The Correct Answer and Explanation is :
The correct answer is D) None of the other answers is correct.
Explanation:
Let’s denote two events as ( A ) and ( B ). The probability of the union of two events, ( P(A \cup B) ), is the probability that at least one of the events ( A ) or ( B ) occurs. It is given by the formula:
[
P(A \cup B) = P(A) + P(B) – P(A \cap B)
]
This formula accounts for the fact that the probability of both events happening simultaneously (i.e., the intersection ( A \cap B )) is subtracted to avoid double-counting.

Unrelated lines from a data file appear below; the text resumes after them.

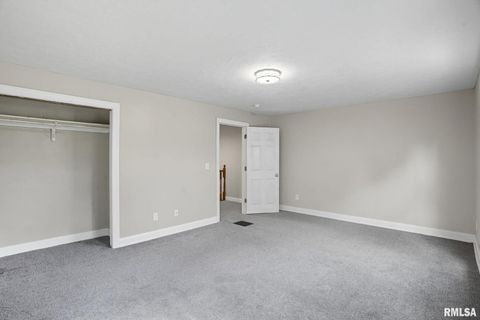 Tiny photo for 1222 PERSHING Avenue, Davenport, IA 52803 (MLS # QC4267866)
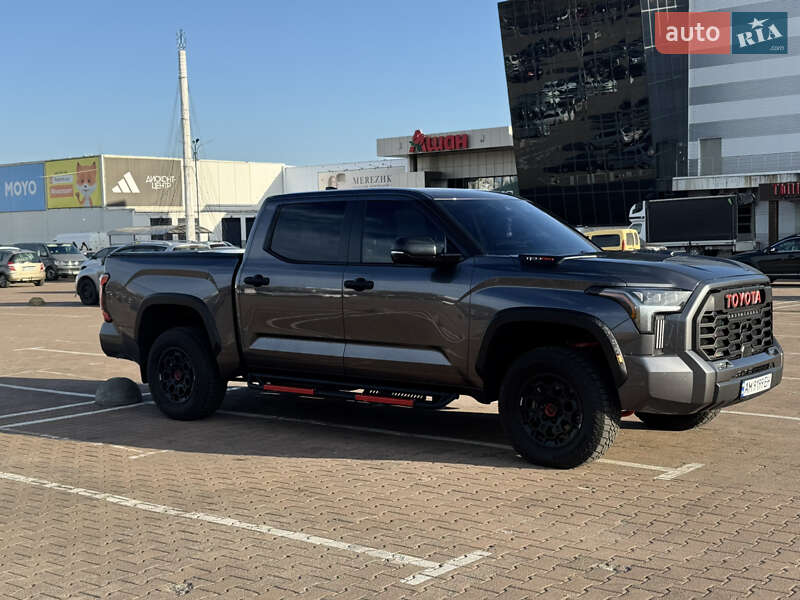Пікап Toyota Tundra 2024 в Коростишеві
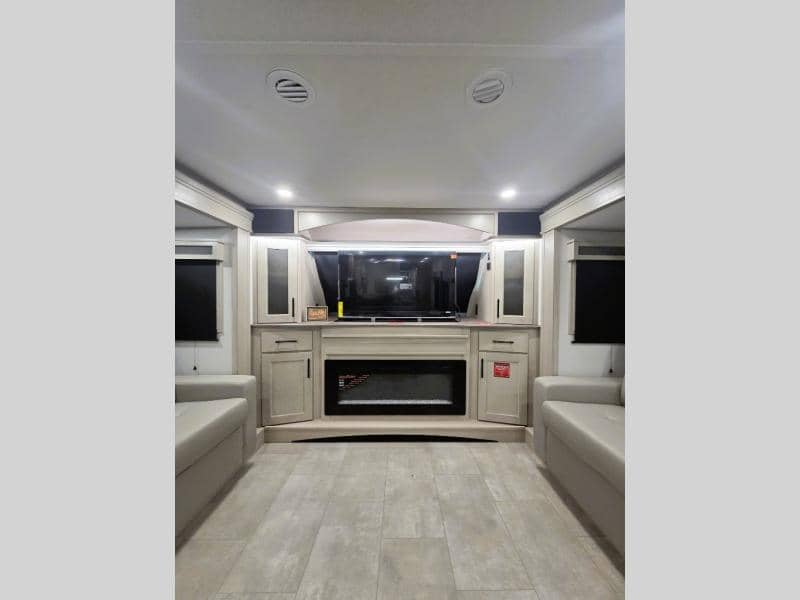 2026 Grand Design 2026 Grand Design Solitude - thumbnail 23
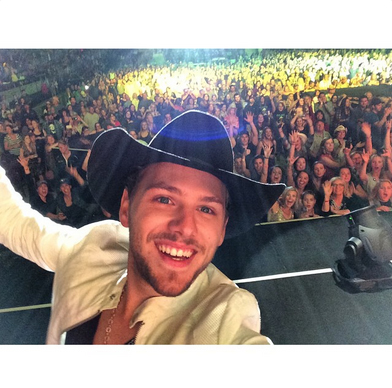 Source: brettkissel / Instagram SEFLIE!! Killer crowd last night in Victoria to kick off the Brad Paisley Tour! Tonight ---- we rock out to a packed barn in Abbotsford! Doors are at 6PM. Showtime is 7:15PM! Get here early... You don't want to miss the party! - BK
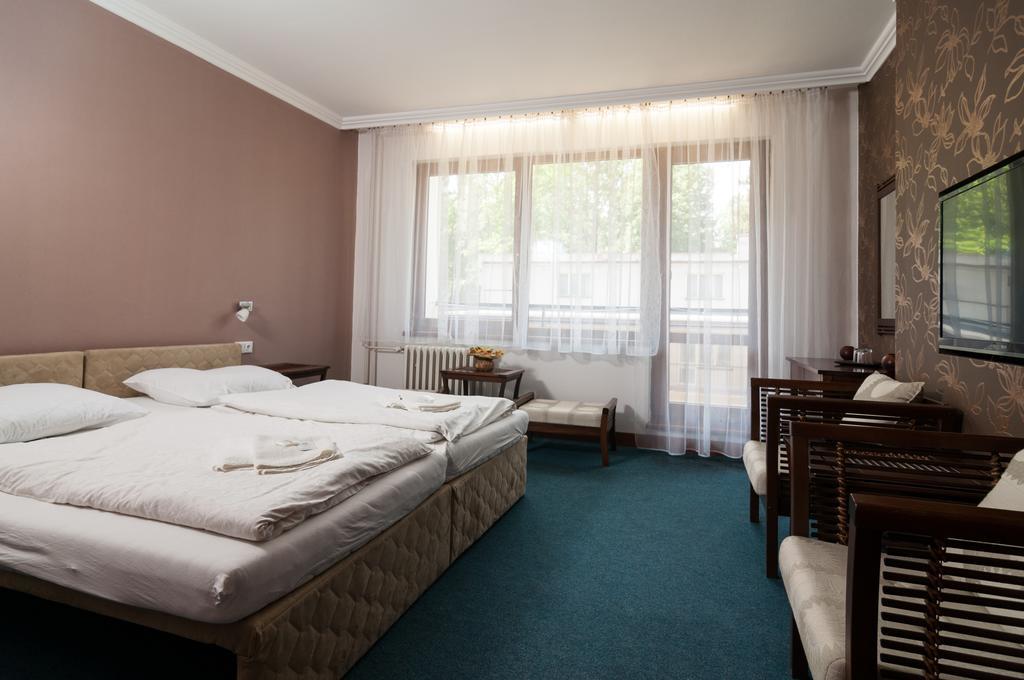 Hotel Radejov Knezdub Eksteriør billede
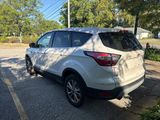 Used 2017 Ford Escape SE image 3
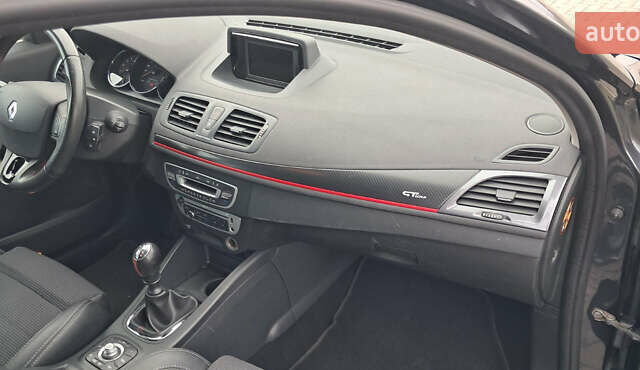 Серый Рено Меган, объемом двигателя 1.5 л и пробегом 225 тыс. км за 8899 $, фото 21 на Automoto.ua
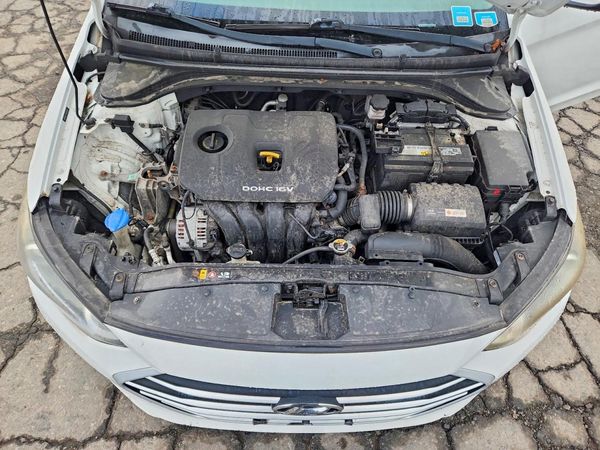 2017 HYUNDAI ELANTRA — Engine bay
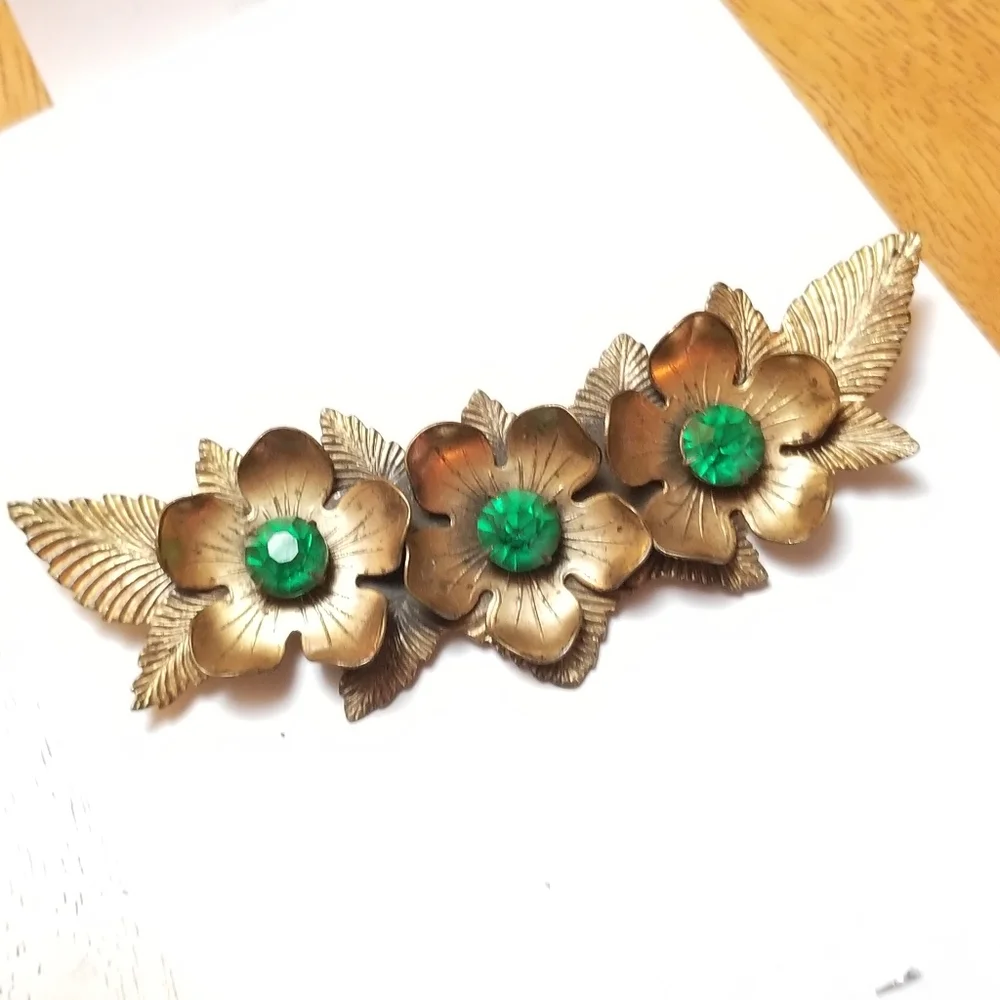 Relisted- Vintage three flowers brooch green rhinestones pin large crescent gold - Picture 6 of 14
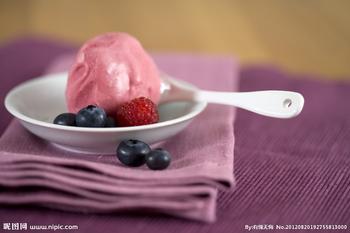蓝莓冰淇淋(简易版)的做法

Now, let’s analyze each of the given options:
- A) Cannot be less than one.
- This is incorrect. While the probability of an event is always between 0 and 1, the union of two events can never exceed a probability of 1. For example, if ( P(A) = 0.8 ) and ( P(B) = 0.7 ), the probability of ( P(A \cup B) ) can be at most 1, but it is typically less than 1 unless the events are perfectly correlated.
- B) Cannot be one.
- This is also incorrect. It is possible for the union of two events to have a probability of 1. For instance, if ( A ) and ( B ) cover the entire sample space (i.e., one or both will always occur), the union ( A \cup B ) will have a probability of 1.
- C) Cannot be less than one and cannot be one.
- This is incorrect as well. The union of two events can indeed be less than 1 or equal to 1, depending on the relationship between the events and their probabilities.
- D) None of the other answers is correct.
- This is the correct answer. The probability of the union of two events can range from 0 to 1, inclusive, depending on the overlap between the events. There is no restriction that prevents it from being less than 1 or equal to 1.
Summary:
The probability of the union of two events ( A \cup B ) can indeed be any value between 0 and 1, depending on the individual probabilities of ( A ) and ( B ), and their intersection. Therefore, none of the other provided options is entirely correct.